On the subject of bands we had the good fortune to see more than once in 2025, Corby’s finest Raging Speedhorn were absolutely crushing at Camden Underworld in March. The show was one in support of their current album “Nightwolf” and packed full of fuzzy riffs fit for worship soaked in feedback. The six piece have more energy than the Duracell Bunny after a four pack of Monster Ultra and point blank refuse to rest on their legacy, the new cuts giving them a wealth of ferociously fun material to bolster their discography. “Every Night’s Alright for Fighting” is a crushing sing-a-long anthem and the Sludge Metal purveyors are just as dangerous today as they were twenty five years ago.. not only are they growing old disgracefully but they’re also “Hard To Kill”.

A return for the self proclaimed “dirtbags from the North” to the Sophie Lancaster stage at this summers incarnation of Bloodstock Open Air Festival meant it was party time as Waterlines took the roof off the tent. Not only do they specialize in venting their pain over EDM beats and DJent fuelled riffs but also getting people moving with their infamous daisy chain gang dance move, not unlike that Can Can ensuring that everyone ends up in a sweaty mess. Their pairing of “Pretty Green Eyes” and “Elysium” by Ultrabeat as a single entity is also a thumping heavy nostalgia trip that is very much the sing-a-long anthem so it you get the opportunity, don’t sleep on seeing them! They’re as much fun as you can have without losing a limb.

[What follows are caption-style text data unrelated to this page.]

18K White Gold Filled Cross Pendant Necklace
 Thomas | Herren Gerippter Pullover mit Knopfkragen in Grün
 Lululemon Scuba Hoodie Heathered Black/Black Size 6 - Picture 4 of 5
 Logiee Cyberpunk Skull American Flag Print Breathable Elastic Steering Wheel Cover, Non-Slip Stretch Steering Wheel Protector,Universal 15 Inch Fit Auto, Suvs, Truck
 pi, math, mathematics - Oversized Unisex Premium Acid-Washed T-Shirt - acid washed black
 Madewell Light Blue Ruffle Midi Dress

One of the highlights of Slammer Festival at Manchester Rebellion in October was a full EP performance of “Journey to the Sun” from Birmingham Cinematic DJent pioneers Vanitas. Somehow they have done the seemingly impossible and found a formula to take their already incredible studio sounds and inject a little more energy and joie de vivre to give us live performances that are utterly enthralling. From the thunderous drumming through the intricate riffs and tapping sections to captivating vocals of both achingly beautiful clean and brutally harsh styles, Vanitas have it all. They’re a band who should be touring Europe in the not to distant future on this evidence.

Specializing in longer compositions means that you have to work a little bit harder to translate those songs into something that carries across live which makes it all the more impressive that Æl-Fierlen are on this list at the end of their first full year of playing shows. They put on a captivating performance at this years incarnation of Oxford’s finest Metal Weekender Rabidfest, their soul stirring and intoxicating anthems leaving the crowd mesmerized. Who says that folk inspired Post-Black Metal of delicate clean sung vocals and intricate guitars building to powerful crescendos with harsh unclean outbursts can’t work in a festival setting?!